DBSCAN
Description
DBSCAN (Density-Based Spatial Clustering of Applications with Noise) is an unsupervised clustering algorithm that groups together closely packed points (points with many nearby neighbors), while marking points that lie alone in low-density regions as outliers. Unlike K-Means, it does not require the number of clusters to be specified in advance and can find arbitrarily shaped clusters.
How It Works
- Core Point: A point with at least a minimum number of neighboring points (MinPts) within a given radius (ε).
- Border Point: A point within ε of a core point, but with fewer than MinPts neighbors.
- Noise Point: A point that is neither a core point nor a border point.
- The algorithm expands clusters from core points by including density-reachable points.
Examples
Python Example of DBSCAN
from sklearn.datasets import make_moons
from sklearn.cluster import DBSCAN
import matplotlib.pyplot as plt
# Generate sample data
X, _ = make_moons(n_samples=300, noise=0.05, random_state=0)
# Apply DBSCAN
db = DBSCAN(eps=0.2, min_samples=5)
labels = db.fit_predict(X)
# Plot the clusters
plt.scatter(X[:, 0], X[:, 1], c=labels, cmap='plasma')

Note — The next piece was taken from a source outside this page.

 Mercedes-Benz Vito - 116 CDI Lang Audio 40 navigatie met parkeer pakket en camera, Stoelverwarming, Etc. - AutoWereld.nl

plt.title("DBSCAN Clustering")
plt.show()
Real-World Applications
DBSCAN Applications
- Geospatial Data: Identifying geographical clusters such as hotspots or cities
- Anomaly Detection: Identifying outliers in transaction records or sensor data
- Astronomy: Detecting celestial bodies in space images based on density
- Social Media Analysis: Grouping users based on behavior without predefining groups

Resources
The following resources will be manually added later:
Video Tutorials
PDF/DOC Materials
Interview Questions
1. What makes DBSCAN different from K-Means?
Unlike K-Means, DBSCAN does not require the number of clusters to be specified beforehand and can find clusters of arbitrary shapes. It also handles outliers naturally by labeling them as noise.
2. What are the parameters of DBSCAN and how do they affect clustering?
eps (ε): Radius to consider neighbors around a point. Too small may result in more noise; too large may merge clusters.
min_samples: Minimum number of points to form a dense region. Affects sensitivity to noise and size of clusters.
3. What are the limitations of DBSCAN?
DBSCAN struggles with clusters of varying densities and can be sensitive to the choice of ε and MinPts. It also does not scale well to high-dimensional data.
4. How does DBSCAN classify noise?
Any point that is not a core point and not reachable from any other core point is classified as noise and assigned a label of -1.
5. Is DBSCAN deterministic?
Yes, DBSCAN is deterministic as long as the input data and parameters remain the same. It does not involve random initialization like K-Means.